Christian was one of the great guys actually interested on helping btw. A
real, real shame he left, making people have to interact with mr budeguer...
(too much inside info, sorry)

------
SkiAlta
Stop driving in the rear view mirror. I applaud Startup Chile for their
efforts, but I think this whole conversation focuses on the wrong questions.
One of the biggest challenges with Startup Chile or other similar program is
that without a common language or framework around early-stage value creation
milestones, the fallback mechanism is to measure how entrepreneurs spend
money. This is like driving in the rearview mirror and the approach hasn't
historically achieved optimal results. Is it possible that the reason we
aren't achieving higher hit rates on startups is that we are measuring the
wrong things?

If we look at the "startup industry" as an industry, we should ask ourselves
some tough questions like... What other industry in the world has an 80% to
90% failure rate? And why is such a high failure rate acceptable?

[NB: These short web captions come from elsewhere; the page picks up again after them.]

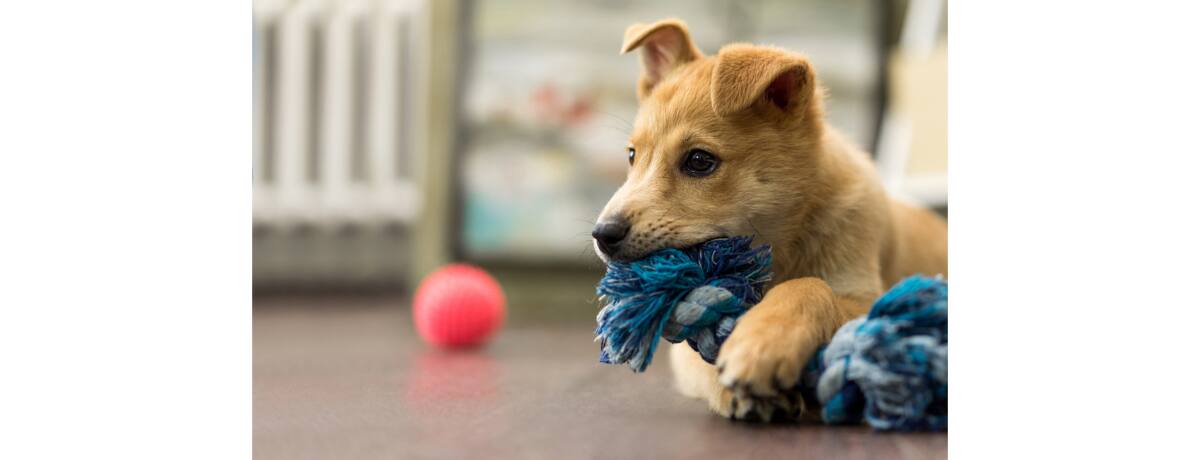 犬 噛む しつけ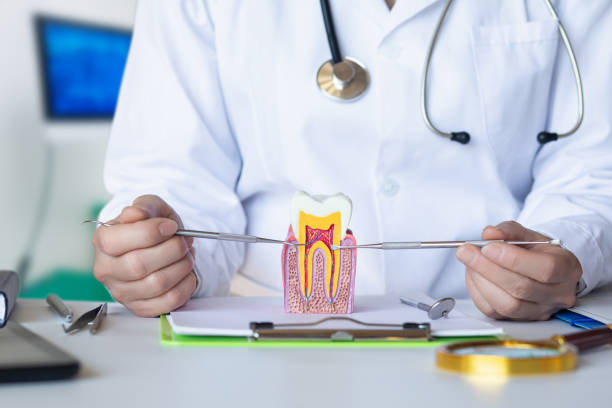 Best Walk-In Emergency Dentist in Steubenville, OH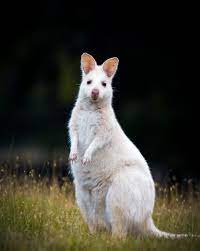 Albino Bennets Wallaby Cute Animal Pictures Cute Animals Animals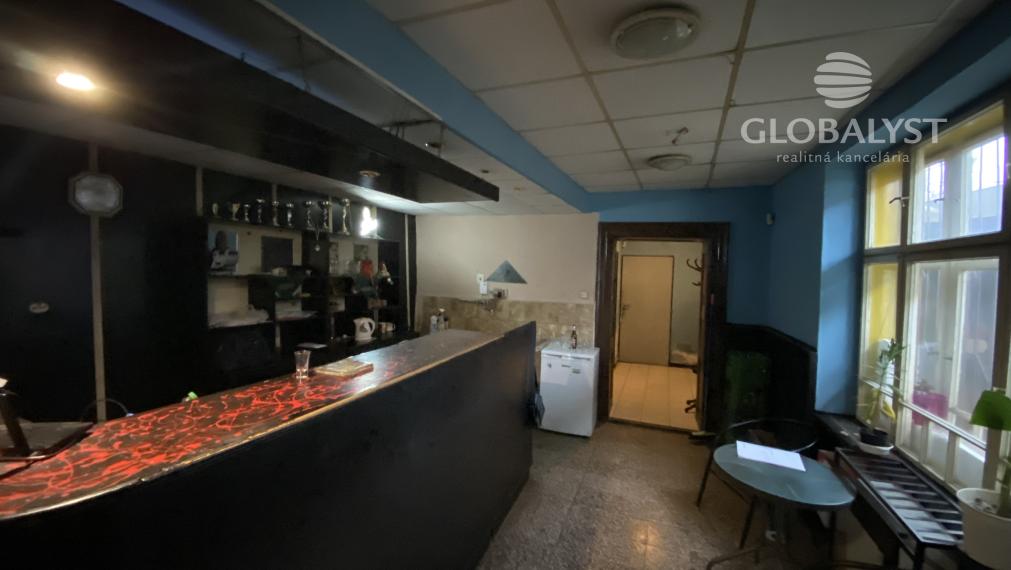 Dom na podnikanie v centre Moldavy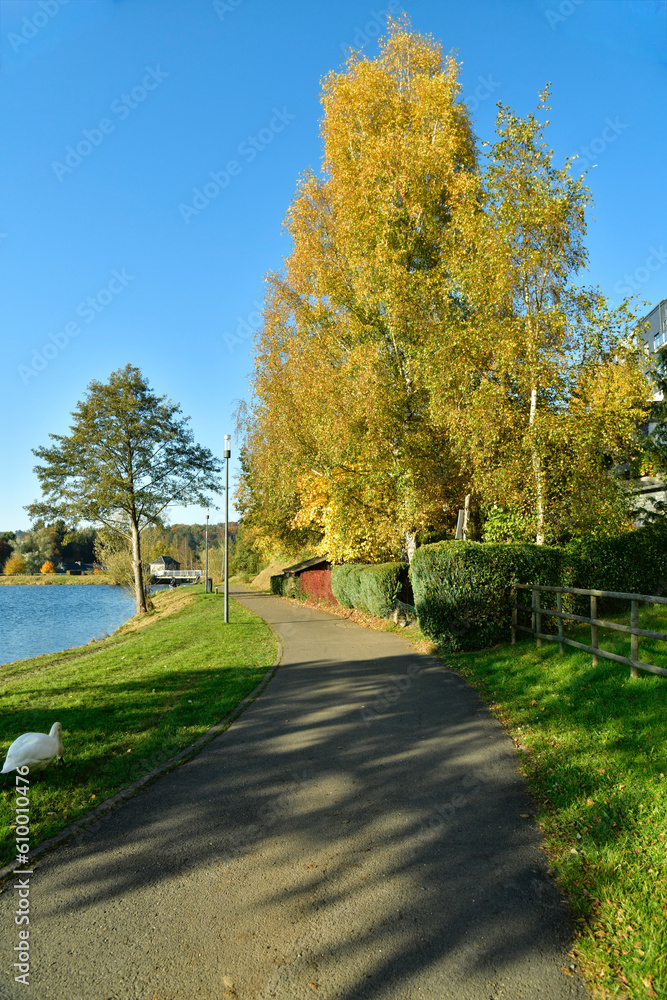 Chemin longeant le lac des Doyards sous les arbres au feuillage doré à Vielsalm Chemin longeant le lac des Doyards sous les arbres au feuillage doré à Vielsalm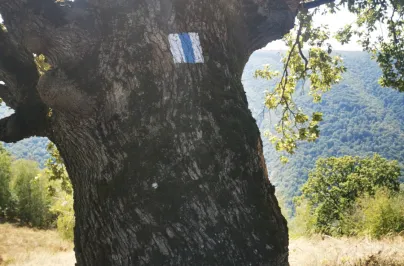 Marcaj traseul Someșului Cald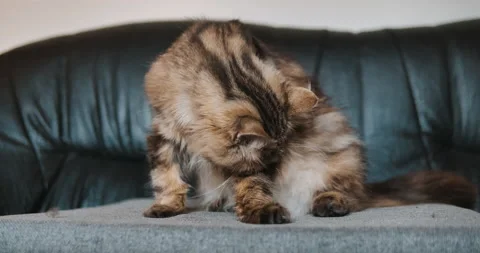 Cat clean himself Video stock 135040827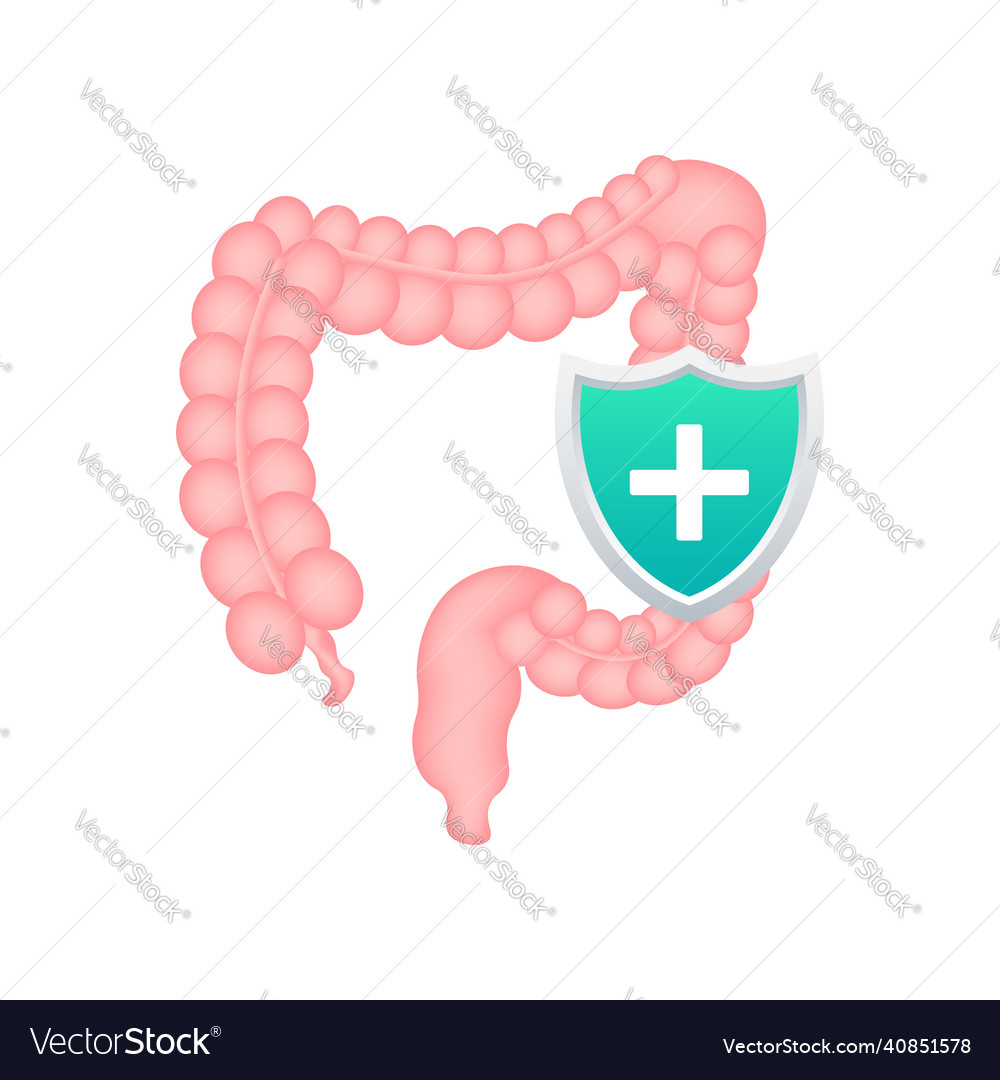 Intestines Protection Healthy Protected Intestine Vector Image Intestines Protection Healthy Protected Intestine Vector Image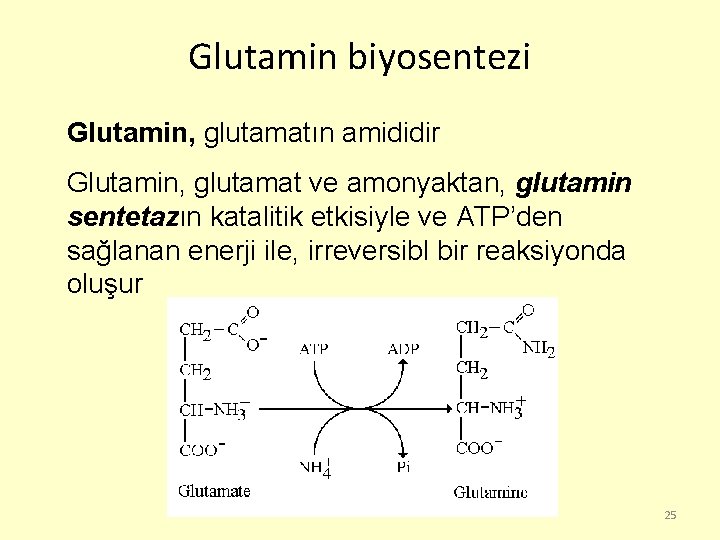 Glutamin biyosentezi Glutamin, glutamatın amididir Glutamin, glutamat ve amonyaktan, glutamin sentetazın katalitik etkisiyle ve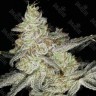 Семена ганжа Кубанский убийца feminised Ganja Seeds Семена ганжа Кубанский убийца feminised Ganja Seeds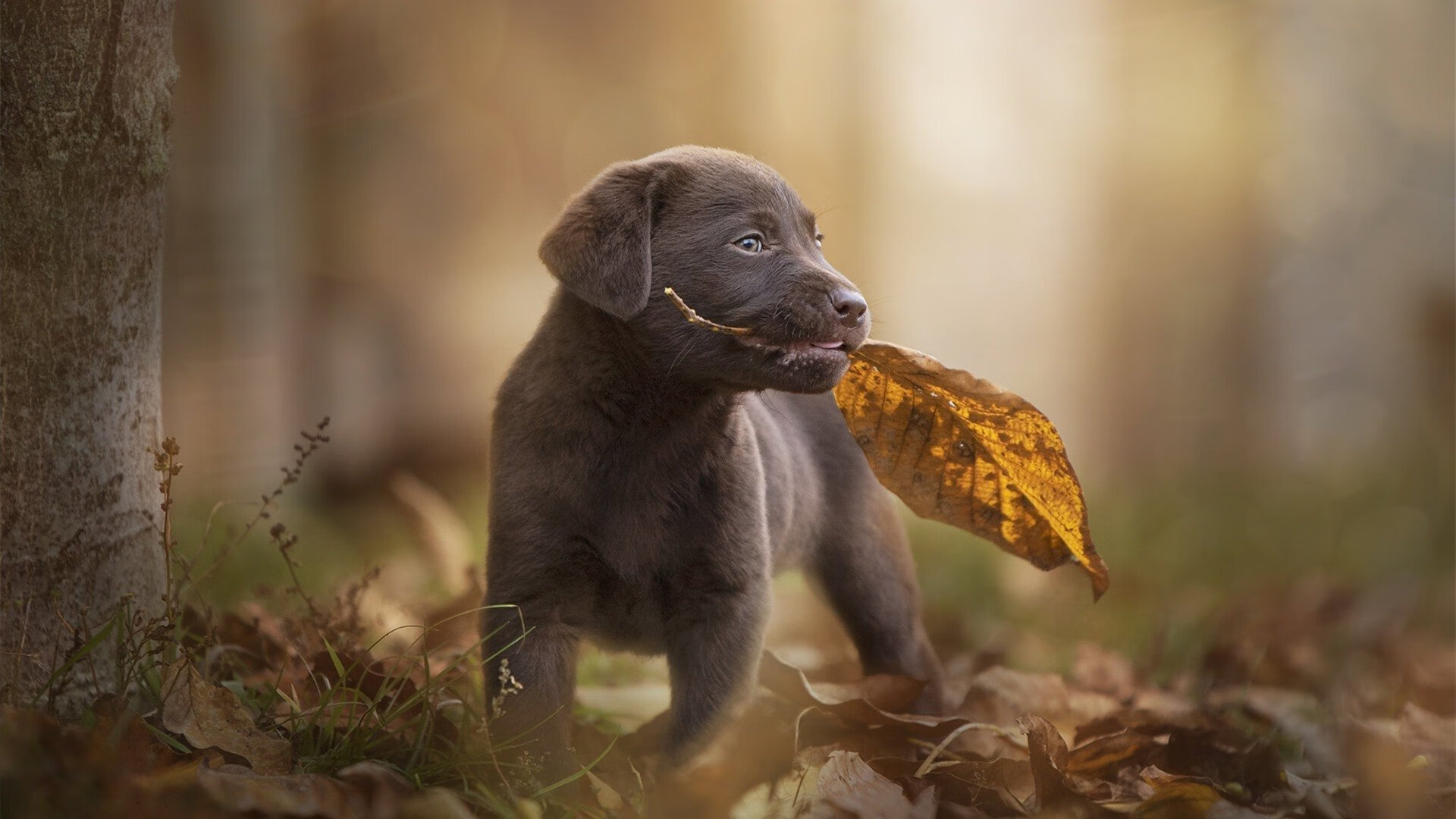 英超激战升级：悬念不断，精彩不断！，英超有多激烈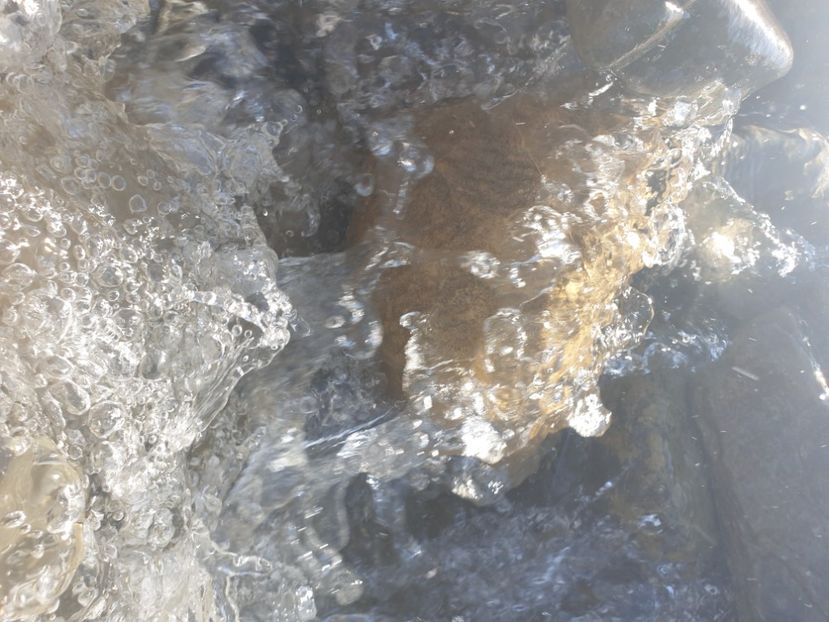  - - O - Fotografii x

I don't fault Startup Chile for their program and think we should all be
working to push these startup conversations forward. To improve the odds of a
positive outcome, here are the questions I would ask if I ran such a program.
"How much more effective would these programs be if the focus was on agreed to
customer-centric value creation milestones and then capital was deployed based
on achieving these milestones? What if the entrepreneur or startups were
measured on building products that 1) nail the customer's pain, 2) nail the
minimum feature set to satisfy the customer demand, 3) nail the business model
or go-to-market strategy? etc...

In addition to reimbursing for expenses, an effective startup program could
tranche additional seed capital based on how the startup achieved early
success and nailed early value-creation milestones. Give high-potential
entrepreneurs a little bit of guaranteed runway is great. In addition, provide
them follow-on financing in the form of tranched performance payments based on
successful execution.

Doing this would require an agreed to framework. Here's a link to a recent
conversation thread on one possible way to achieve this.
<http://news.ycombinator.com/item?id=3406330>

------
mtr
I too had issues with reimbursements but while there are certainly issues that
can be improved I don't think there's a better deal in the world available for
entrepreneurs.

My stance is best summed up in this photo from earlier in the month:
[http://www.facebook.com/photo.php?fbid=280134802038762&s...](http://www.facebook.com/photo.php?fbid=280134802038762&set=a.280128665372709.81130.110074692378108&type=1&theater)

------
harrisreynolds
Thanks for this discussion. The more information that is available about
programs like these, the better it is for prospective applicants. Best of
luck.

------
scottieb33
Yes there is red tape here but one of the things that doesn't come up much is
the OPPORTUNITY. Who cares if the idea/start-up you came here with doesn't
work, if you're willing to commit to being in Chile there is a lot of low
hanging fruit. If you're willing to work hard and outcompete the competition
(which is much easier here than in the States) you can be successful. I'll
admit that our start-up, www.bungolow.com is not a "new" idea, but there are
market opportunities here that we can't take advantage of in the US.

------
ojbyrne
This is sad, if true (and it kind of rings true). As soon as I saw the
reimbursement policy I got the sense that the program would be bullshit. I'd
love to hear otherwise.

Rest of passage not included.